Lipstick is fun to wear because it instantly makes any beauty look or outfit pop—but one little smudge and that color rubs right off onto whatever (or whoever) you just rubbed shoulders with. One thing to remember about lipsticks: They're oil-based, so you have to work quickly to remove them. According to House Cleaning Central, here's how to ensure you'll rid the stain for good:
Step 1: Place the item stain-down on a paper towel or other fabric you wouldn't mind transferring the stain onto.
Step 2: Dab a pre-treater (like dishwashing soap or another pre-treater you'd use in the laundry) over the back of the stained area, and with another paper towel, apply pressure onto the garment and press down.
Step 3: Keep changing out the paper towel so that new traces of the lipstick will be removed.
Step 4: Toss into the wash after you see that the stain is gone. (Don't throw into the dryer until you see the stain has been fully removed; otherwise, you'll set the stain.)
Oil and grease are a home cook's arch nemeses. To fight back when a simple apron just won't cut it, begin by pre-treat grease and oil stains with dish soap. This video shows you how, step-by-step:
Step 1: Take a toothbrush and dab it into the dishwashing liquid you already have in your kitchen.

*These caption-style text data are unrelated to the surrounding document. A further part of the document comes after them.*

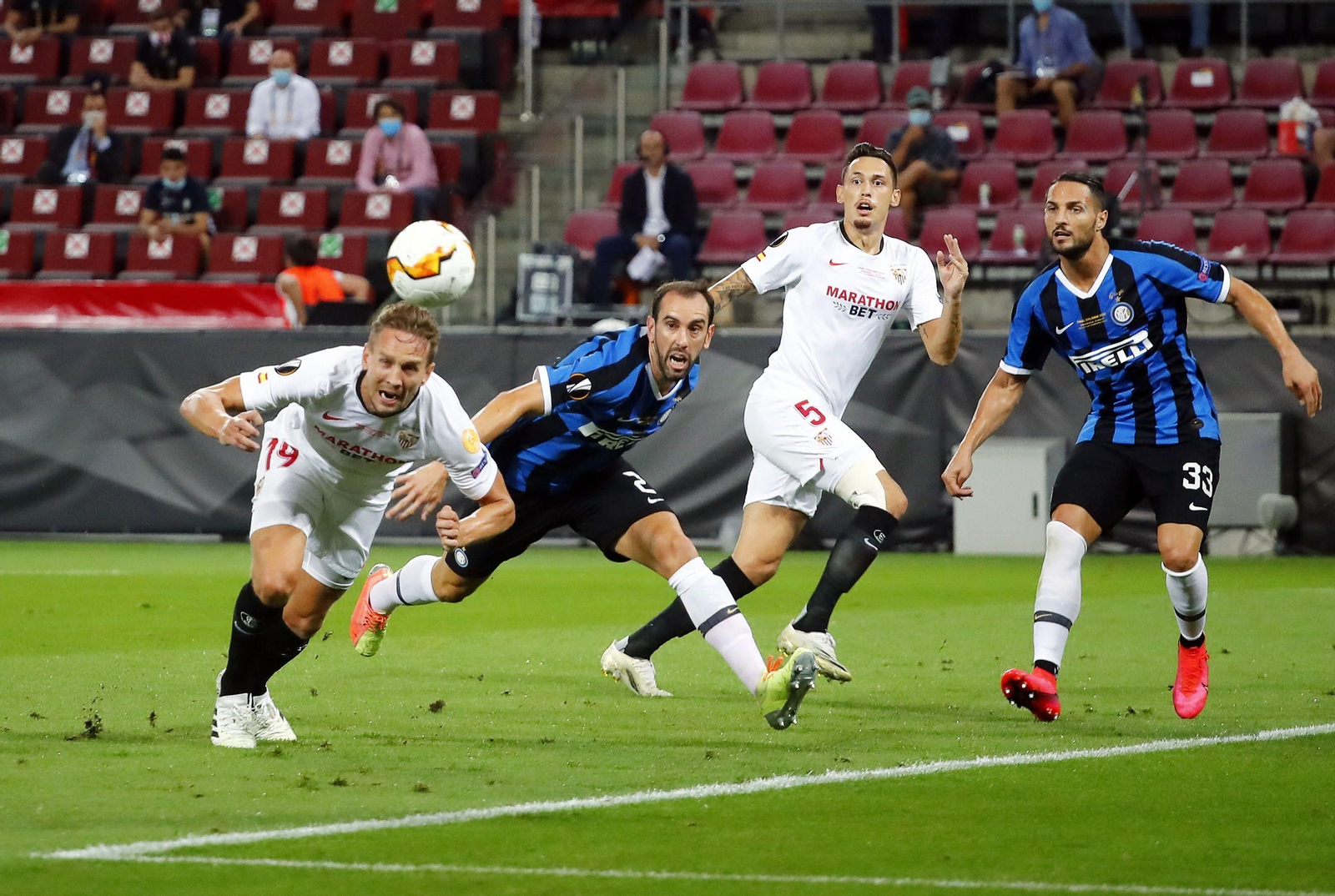 Fotos del Sevilla-Inter de Milán en la final de la Europa League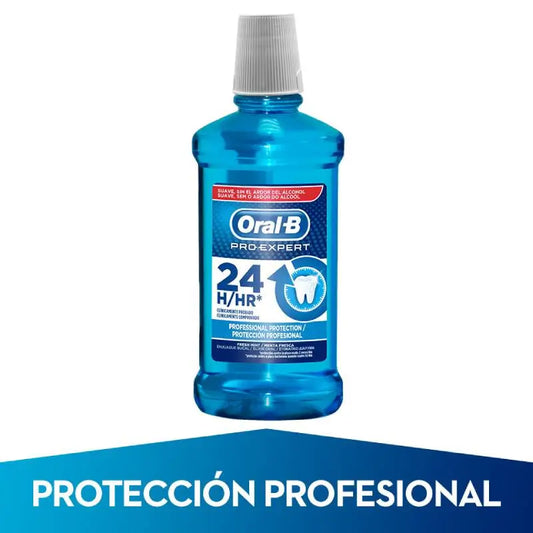 Oral-B Pro-Expert Protección Profesional Enjuague Bucal 500 ml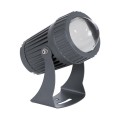 GloboStar® SPOT-FENIA 90136 Σποτ Φωτισμου Wall Washer LED 10W 1000lm 5° DC 24V Αδιάβροχο IP65 D7 x H12cm Μπλε - Γκρι Ανθρακί - 3 Years Warranty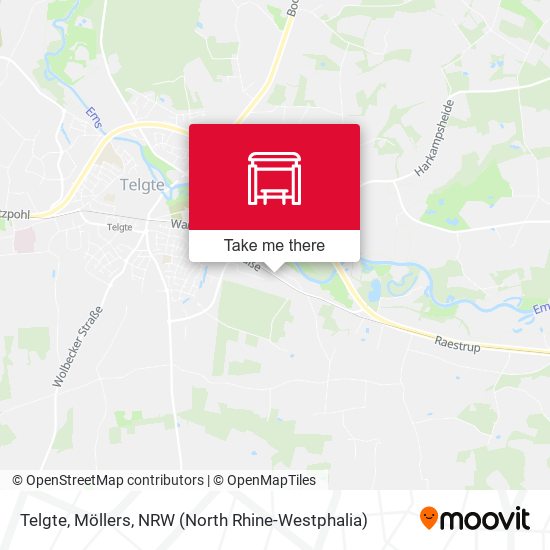 Карта Telgte, Möllers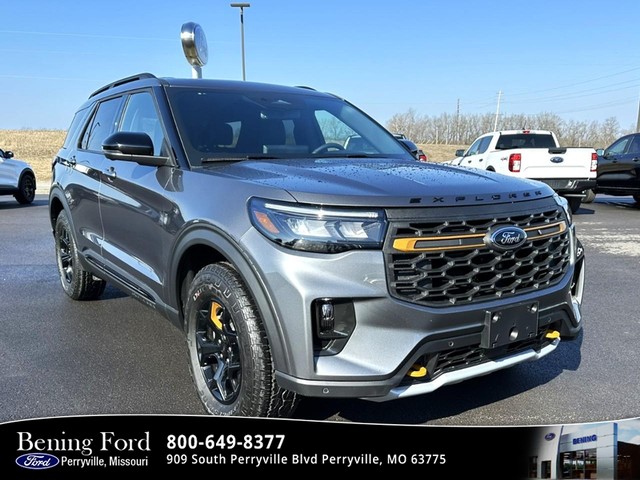 Perryville MO 2026 Ford Explorer more details - ford explorer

Step 2: Scrub the toothbrush onto each stain in circular motions to break up the grease and oil.
Step 3. Throw the garment into the washing machine at the highest temp stated on the garment's label or as you normally would. When the cycle is up, the stain should be vanished.
Many of us stay away from red wine because we are deathly afraid of spilling it—not only on ourselves but on our hosts' white carpet, white couch, white cat, etc. But according to Real Simple, there are a few steps you can take to remove the inevitable red wine stain that burdens us all:
Step 1: Blot the stain with a damp cloth—again, do not rub; this will only make the stain worse.

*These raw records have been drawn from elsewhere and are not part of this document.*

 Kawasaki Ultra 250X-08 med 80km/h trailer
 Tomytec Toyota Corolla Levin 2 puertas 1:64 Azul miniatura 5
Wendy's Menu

Step 2: Pull the fabric to make it taut and so that only the side of the fabric with the stain is shown (placing fabric over a large bowl and using a rubber band to hold in place works well, too).

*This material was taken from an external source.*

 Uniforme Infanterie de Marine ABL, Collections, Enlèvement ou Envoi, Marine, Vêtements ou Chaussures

Step 3: Sprinkle a generous amount of salt onto the stain so that the damp fabric absorbs it.
Step 4: Pour boiling water about 8 inches over the stain (the perfect height to flush out stains, apparently) to rinse off the salt.
Step 5: Wash the garment in your washing machine on the hottest setting. Repeat until you don't see the stain anymore. Again—like with lipstick stains—don't throw it into the dryer until you see that the stain is fully gone.
While summer has us wearing some seriously chic frocks, we're also seriously sweating. And to put it bluntly, none of us are completely immune to the sweat stains that accumulate on our underarms when wearing white tops—no matter how much deodorant or antiperspirant we use. With some help from PopSugar, it's super easy to get yellowish underarm areas looking fresh again:
Step 1: Soak your top in one part vinegar to two parts warm water for 20 minutes.
Step 2: Create a paste by mixing ½ cup baking soda, 1 tablespoon salt and 1 tablespoon hydrogen peroxide.
Step 3: Lay your top that was soaking on a towel-covered flat surface and coat the stains with the paste-like mixture. Let this sit for 20 minutes.
Step 4: Wash your top with the rest of your whites, and it'll be good as new.